* What is expected: Nothing below is to be printed except the lines between the line holding "Fotografie z fotogalerie" and the line holding "2022 Freightliner Cascadia - image 21", inclusive, each exactly as it appears.

[Brief descriptive captions]
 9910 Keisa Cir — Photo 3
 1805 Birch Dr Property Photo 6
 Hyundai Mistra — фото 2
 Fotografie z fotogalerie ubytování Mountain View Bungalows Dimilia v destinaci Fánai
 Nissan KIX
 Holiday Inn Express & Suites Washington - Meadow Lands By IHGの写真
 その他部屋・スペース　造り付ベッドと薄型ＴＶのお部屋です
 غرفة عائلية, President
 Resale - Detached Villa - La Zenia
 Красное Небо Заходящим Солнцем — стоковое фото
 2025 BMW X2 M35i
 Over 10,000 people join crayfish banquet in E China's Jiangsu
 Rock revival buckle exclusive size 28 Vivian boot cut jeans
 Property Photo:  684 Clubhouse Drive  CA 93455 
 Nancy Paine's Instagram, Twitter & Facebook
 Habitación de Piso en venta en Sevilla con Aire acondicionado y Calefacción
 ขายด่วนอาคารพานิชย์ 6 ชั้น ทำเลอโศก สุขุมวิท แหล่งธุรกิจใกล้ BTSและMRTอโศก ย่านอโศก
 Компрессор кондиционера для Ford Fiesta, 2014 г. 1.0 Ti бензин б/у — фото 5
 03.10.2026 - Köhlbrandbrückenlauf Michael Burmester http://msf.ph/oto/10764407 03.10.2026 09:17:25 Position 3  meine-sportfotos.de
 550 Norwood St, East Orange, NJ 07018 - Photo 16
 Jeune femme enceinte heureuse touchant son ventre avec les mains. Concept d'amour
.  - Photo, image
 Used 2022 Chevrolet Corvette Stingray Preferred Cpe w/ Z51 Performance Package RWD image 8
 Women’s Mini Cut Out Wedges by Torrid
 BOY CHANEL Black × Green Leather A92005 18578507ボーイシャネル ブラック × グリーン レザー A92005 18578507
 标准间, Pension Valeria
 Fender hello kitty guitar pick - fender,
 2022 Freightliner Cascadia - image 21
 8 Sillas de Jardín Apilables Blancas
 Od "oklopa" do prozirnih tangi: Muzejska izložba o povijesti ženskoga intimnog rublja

* Response to the task:
 Fotografie z fotogalerie ubytování Mountain View Bungalows Dimilia v destinaci Fánai
 Nissan KIX
 Holiday Inn Express & Suites Washington - Meadow Lands By IHGの写真
 その他部屋・スペース　造り付ベッドと薄型ＴＶのお部屋です
 غرفة عائلية, President
 Resale - Detached Villa - La Zenia
 Красное Небо Заходящим Солнцем — стоковое фото
 2025 BMW X2 M35i
 Over 10,000 people join crayfish banquet in E China's Jiangsu
 Rock revival buckle exclusive size 28 Vivian boot cut jeans
 Property Photo:  684 Clubhouse Drive  CA 93455 
 Nancy Paine's Instagram, Twitter & Facebook
 Habitación de Piso en venta en Sevilla con Aire acondicionado y Calefacción
 ขายด่วนอาคารพานิชย์ 6 ชั้น ทำเลอโศก สุขุมวิท แหล่งธุรกิจใกล้ BTSและMRTอโศก ย่านอโศก
 Компрессор кондиционера для Ford Fiesta, 2014 г. 1.0 Ti бензин б/у — фото 5
 03.10.2026 - Köhlbrandbrückenlauf Michael Burmester http://msf.ph/oto/10764407 03.10.2026 09:17:25 Position 3  meine-sportfotos.de
 550 Norwood St, East Orange, NJ 07018 - Photo 16
 Jeune femme enceinte heureuse touchant son ventre avec les mains. Concept d'amour
.  - Photo, image
 Used 2022 Chevrolet Corvette Stingray Preferred Cpe w/ Z51 Performance Package RWD image 8
 Women’s Mini Cut Out Wedges by Torrid
 BOY CHANEL Black × Green Leather A92005 18578507ボーイシャネル ブラック × グリーン レザー A92005 18578507
 标准间, Pension Valeria
 Fender hello kitty guitar pick - fender,
 2022 Freightliner Cascadia - image 21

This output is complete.